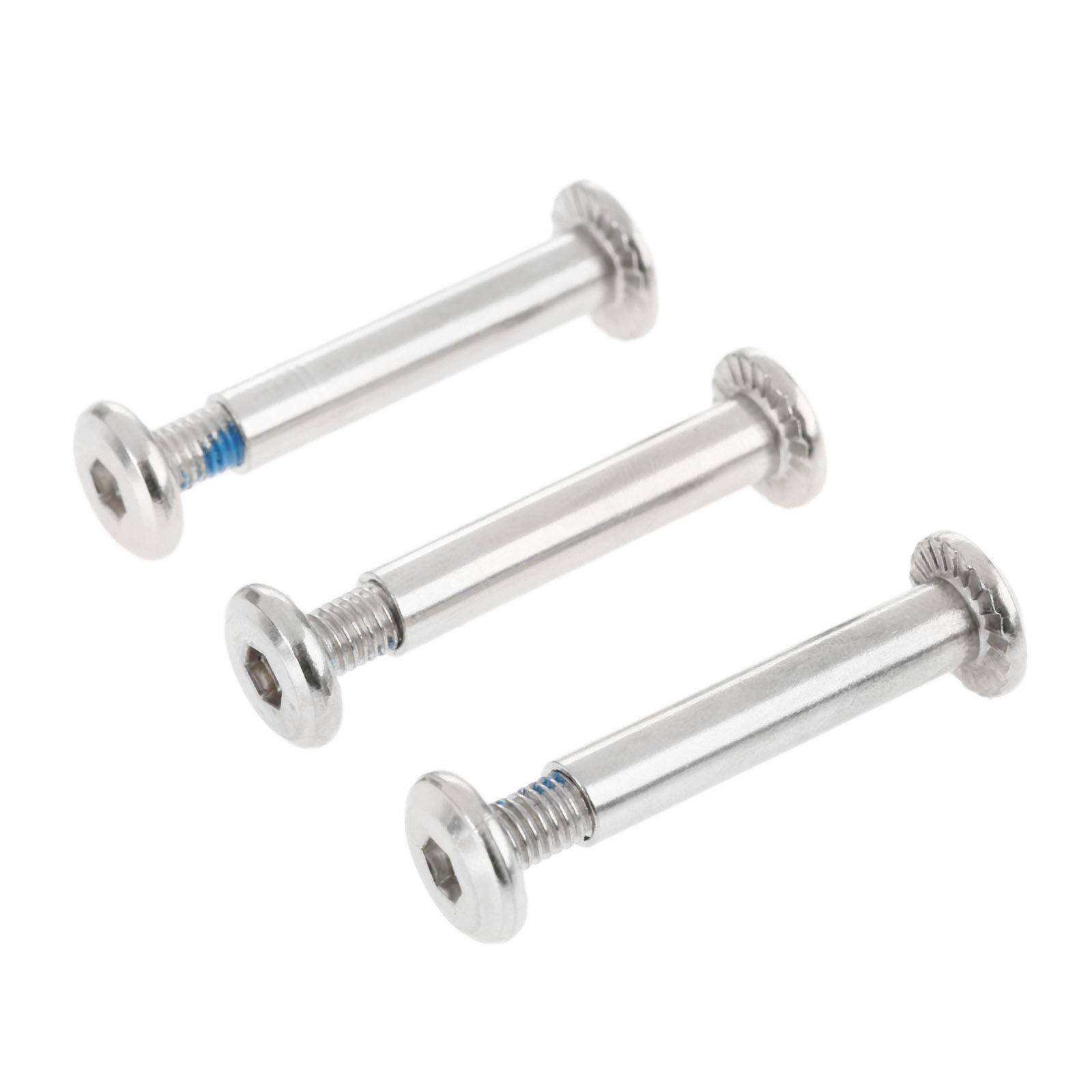 10Pcs Roller Skates Parts Axle - Women Shoes Qc ulasan dan harga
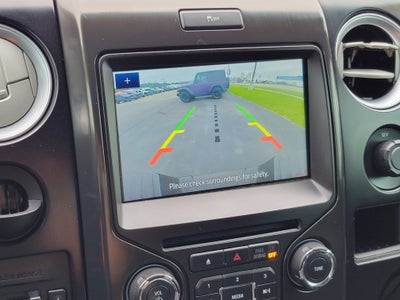 2014 Ford F-150 FX2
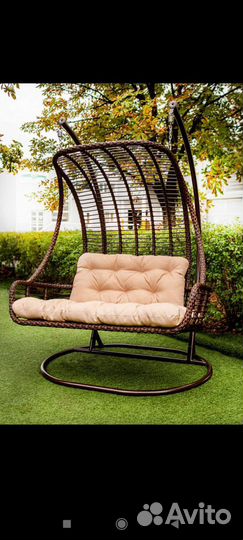 Подвесное кресло-кокон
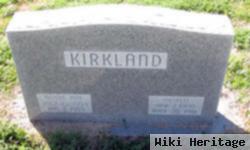 Minnie Mae Hardin Kirkland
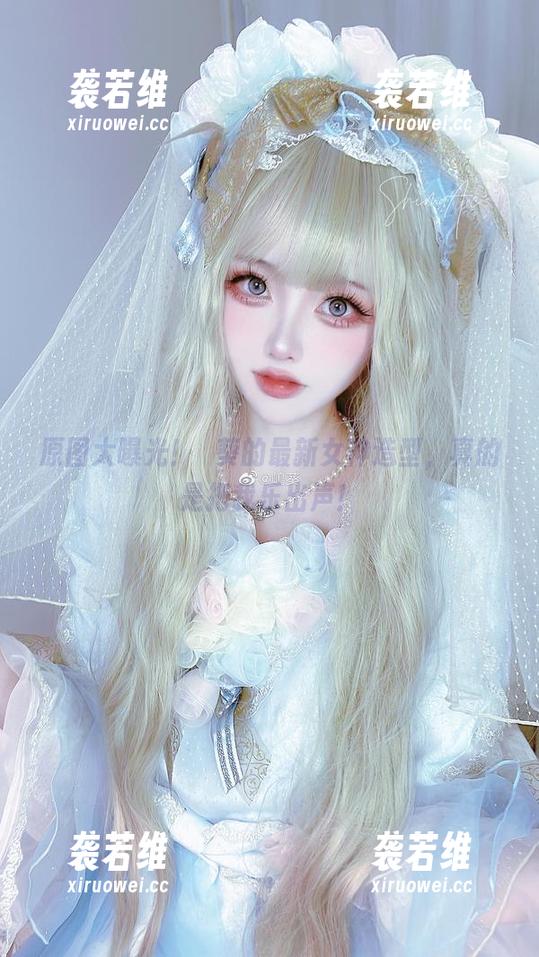 原图大曝光！嶋葵的最新女神造型，真的是把我乐出声！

——

__What to produce__.
Write out the data above in full and exactly, but not the pictures.

__Result of the exercise__.
 10Pcs Roller Skates Parts Axle - Women Shoes Qc ulasan dan harga
 2014 Ford F-150 FX2
 Подвесное кресло-кокон
 Minnie Mae Hardin Kirkland
 原图大曝光！嶋葵的最新女神造型，真的是把我乐出声！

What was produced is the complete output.